Quando o governo da Suécia adotou uma abordagem mais branda do que outros países ocidentais para combater o coronavírus - o país proibiu eventos com mais de 50 pessoas e fechou escolas secundárias e universidades, mas impôs poucas outras restrições -, estava operando com a teoria de que bloqueios mais rígidos não serviriam muito para salvar vidas a longo prazo. A sociedade e a economia suecas acabariam se beneficiando, segundo essa lógica, ao alcançar a imunidade do rebanho mais rapidamente do que outros países que decretaram confinamento.

"Cerca de 30% das pessoas em Estocolmo atingiram um nível de imunidade", disse Karin Ulrika Olofsdotter, embaixadora sueca nos Estados Unidos, à rede americana NPR em 26 de abril. "Poderemos alcançar a imunidade de rebanho na capital já no próximo mês".

A extensão e a duração da imunidade fornecida pelos anticorpos permanecem desconhecidas, mas mesmo se a imunidade do rebanho for possível, um novo estudo de testes para anticorpos contra o coronavírus mostra que a Suécia ainda pode estar "muito longe" de alcançá-la, de acordo com um epidemiologista sueco.

A Reuters informou na quarta-feira, 20 de maio, que 7,3% dos residentes de Estocolmo apresentaram resultado positivo para anticorpos contra o coronavírus no final de abril - muito abaixo dos 30% citados pela embaixadora sueca em 26 de abril.

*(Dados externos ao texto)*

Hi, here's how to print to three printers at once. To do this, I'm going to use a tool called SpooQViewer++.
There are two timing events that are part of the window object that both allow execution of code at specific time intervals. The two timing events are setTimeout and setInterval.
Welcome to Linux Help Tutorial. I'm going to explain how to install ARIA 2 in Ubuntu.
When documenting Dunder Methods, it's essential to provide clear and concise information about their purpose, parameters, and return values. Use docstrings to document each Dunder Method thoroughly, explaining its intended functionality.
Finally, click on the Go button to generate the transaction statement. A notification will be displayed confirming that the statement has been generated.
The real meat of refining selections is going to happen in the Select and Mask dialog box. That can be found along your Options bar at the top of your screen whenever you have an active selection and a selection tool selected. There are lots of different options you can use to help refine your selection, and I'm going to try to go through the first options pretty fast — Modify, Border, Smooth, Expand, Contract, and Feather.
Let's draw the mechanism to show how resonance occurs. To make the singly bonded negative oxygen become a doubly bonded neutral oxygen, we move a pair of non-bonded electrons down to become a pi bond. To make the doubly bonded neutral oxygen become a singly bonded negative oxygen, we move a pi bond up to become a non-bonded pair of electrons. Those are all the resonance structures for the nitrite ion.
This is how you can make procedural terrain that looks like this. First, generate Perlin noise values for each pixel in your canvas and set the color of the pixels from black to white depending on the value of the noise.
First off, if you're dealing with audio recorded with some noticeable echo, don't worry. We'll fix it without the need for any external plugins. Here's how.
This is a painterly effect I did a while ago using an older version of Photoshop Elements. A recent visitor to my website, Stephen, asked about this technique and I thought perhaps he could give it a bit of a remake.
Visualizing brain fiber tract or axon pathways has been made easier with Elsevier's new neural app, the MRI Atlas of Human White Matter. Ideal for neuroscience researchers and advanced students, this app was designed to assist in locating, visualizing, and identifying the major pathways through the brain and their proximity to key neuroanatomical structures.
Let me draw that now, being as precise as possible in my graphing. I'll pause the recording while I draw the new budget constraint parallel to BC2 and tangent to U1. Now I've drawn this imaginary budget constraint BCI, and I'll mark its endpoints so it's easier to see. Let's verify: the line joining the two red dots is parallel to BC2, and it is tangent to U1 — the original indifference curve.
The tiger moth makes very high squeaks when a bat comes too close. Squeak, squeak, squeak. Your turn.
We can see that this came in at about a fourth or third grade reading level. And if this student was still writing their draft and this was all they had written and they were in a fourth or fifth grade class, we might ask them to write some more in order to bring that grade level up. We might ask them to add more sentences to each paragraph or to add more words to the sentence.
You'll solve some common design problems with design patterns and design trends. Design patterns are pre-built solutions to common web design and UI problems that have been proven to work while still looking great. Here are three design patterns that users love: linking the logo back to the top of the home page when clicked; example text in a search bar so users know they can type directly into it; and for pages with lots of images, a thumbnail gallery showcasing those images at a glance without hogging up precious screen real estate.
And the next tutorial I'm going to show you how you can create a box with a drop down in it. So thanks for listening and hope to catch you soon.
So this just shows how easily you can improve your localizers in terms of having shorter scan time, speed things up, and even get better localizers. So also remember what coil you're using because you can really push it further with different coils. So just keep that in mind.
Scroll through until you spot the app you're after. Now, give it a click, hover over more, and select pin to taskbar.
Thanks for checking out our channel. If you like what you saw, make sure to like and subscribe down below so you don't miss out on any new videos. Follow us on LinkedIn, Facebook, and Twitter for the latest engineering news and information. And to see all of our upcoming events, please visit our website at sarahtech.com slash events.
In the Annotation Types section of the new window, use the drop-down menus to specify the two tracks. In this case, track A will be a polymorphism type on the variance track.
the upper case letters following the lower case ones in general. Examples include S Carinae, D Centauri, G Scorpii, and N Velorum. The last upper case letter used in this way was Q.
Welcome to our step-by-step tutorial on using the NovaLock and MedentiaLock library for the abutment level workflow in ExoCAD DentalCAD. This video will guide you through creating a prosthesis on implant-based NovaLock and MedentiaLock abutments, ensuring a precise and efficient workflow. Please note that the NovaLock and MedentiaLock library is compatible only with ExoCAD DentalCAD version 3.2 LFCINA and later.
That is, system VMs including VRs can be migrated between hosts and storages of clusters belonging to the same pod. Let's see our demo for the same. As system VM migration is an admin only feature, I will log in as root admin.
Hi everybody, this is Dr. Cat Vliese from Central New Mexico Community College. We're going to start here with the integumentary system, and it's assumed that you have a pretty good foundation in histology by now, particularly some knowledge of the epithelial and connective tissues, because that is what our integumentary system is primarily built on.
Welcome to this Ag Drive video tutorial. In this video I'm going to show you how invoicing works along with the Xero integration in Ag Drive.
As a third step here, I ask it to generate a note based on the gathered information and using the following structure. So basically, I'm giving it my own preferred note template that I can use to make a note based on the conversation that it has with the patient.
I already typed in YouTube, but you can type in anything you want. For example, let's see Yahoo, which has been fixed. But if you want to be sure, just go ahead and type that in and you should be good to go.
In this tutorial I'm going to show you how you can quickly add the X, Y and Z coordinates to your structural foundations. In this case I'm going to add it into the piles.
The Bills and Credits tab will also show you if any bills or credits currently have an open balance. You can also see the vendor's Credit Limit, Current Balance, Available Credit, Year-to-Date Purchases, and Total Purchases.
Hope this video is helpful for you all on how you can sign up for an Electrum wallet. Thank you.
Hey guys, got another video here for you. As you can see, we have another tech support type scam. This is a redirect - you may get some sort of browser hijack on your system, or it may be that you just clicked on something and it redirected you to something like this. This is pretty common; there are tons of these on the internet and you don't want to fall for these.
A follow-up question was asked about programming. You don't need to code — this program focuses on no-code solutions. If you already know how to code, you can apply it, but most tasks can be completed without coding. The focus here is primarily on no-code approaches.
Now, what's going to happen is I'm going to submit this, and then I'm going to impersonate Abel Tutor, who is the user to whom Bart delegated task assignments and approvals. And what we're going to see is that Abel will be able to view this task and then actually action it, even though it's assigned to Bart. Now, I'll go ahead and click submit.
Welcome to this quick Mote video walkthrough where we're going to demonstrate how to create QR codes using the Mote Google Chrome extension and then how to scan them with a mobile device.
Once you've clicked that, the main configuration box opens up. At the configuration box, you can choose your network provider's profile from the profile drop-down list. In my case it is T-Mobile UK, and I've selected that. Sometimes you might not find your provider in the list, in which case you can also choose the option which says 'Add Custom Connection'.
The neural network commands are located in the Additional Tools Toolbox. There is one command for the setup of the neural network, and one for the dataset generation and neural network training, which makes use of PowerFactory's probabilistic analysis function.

Para colocar esses números em perspectiva, estudos nos Estados Unidos descobriram que cerca de 6% dos residentes do condado de Miami-Dade e cerca de 21% dos residentes da cidade de Nova York apresentaram resultados positivos para anticorpos contra o coronavírus no final de abril, e os Estados Unidos continuam muito distantes de atingir a imunidade de rebanho.

O epidemiologista-chefe do governo sueco agora estima que perto de 20% dos residentes de Estocolmo possuam anticorpos, mas, levando em conta como as autoridades suecas superestimaram os números há um mês, essa estimativa deve ser vista com cautela. Alguns especialistas da Suécia acham que o país está longe de alcançar a imunidade do rebanho.

"Acho que a imunidade do rebanho está muito distante, se é que chegaremos a ela", disse à Reuters Bjorn Olsen, professor de medicina infecciosa da Universidade de Uppsala.

Atualmente, o número de mortes por coronavírus na Suécia, ajustado pela população nacional, é muito maior do que o de seus vizinhos escandinavos. Segundo o site Worldometers, a taxa de mortalidade per capita da Suécia é quatro vezes a da Dinamarca, sete vezes a da Finlândia e nove vezes a da Noruega. O número de mortos per capita da Suécia é 33% maior que o dos Estados Unidos.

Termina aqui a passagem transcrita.